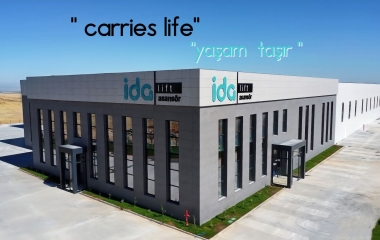 YENİ FABRİKAMIZ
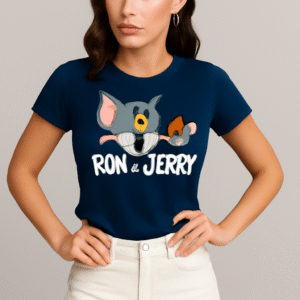 Women's T-Shirt – Nevy Blue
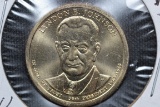 2015-P Johnson Dollar; BU; Not a Circulated Issue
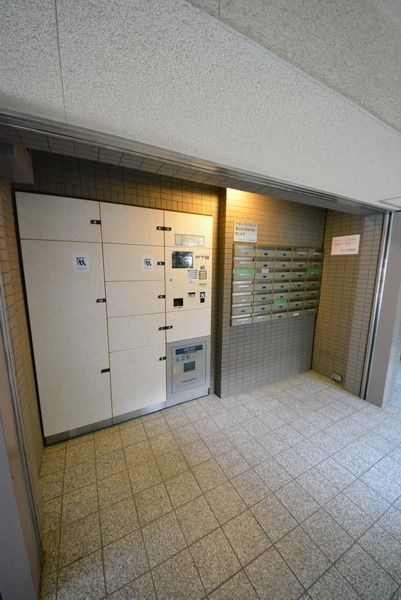 その他共有部分　★不在時便利な宅配ボックス★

**EXERCISE AIM**. Leaving out the pictures, reproduce the whole listing above exactly.

**EXERCISE RESPONSE**.
 YENİ FABRİKAMIZ
 Women's T-Shirt – Nevy Blue
 2015-P Johnson Dollar; BU; Not a Circulated Issue
 その他共有部分　★不在時便利な宅配ボックス★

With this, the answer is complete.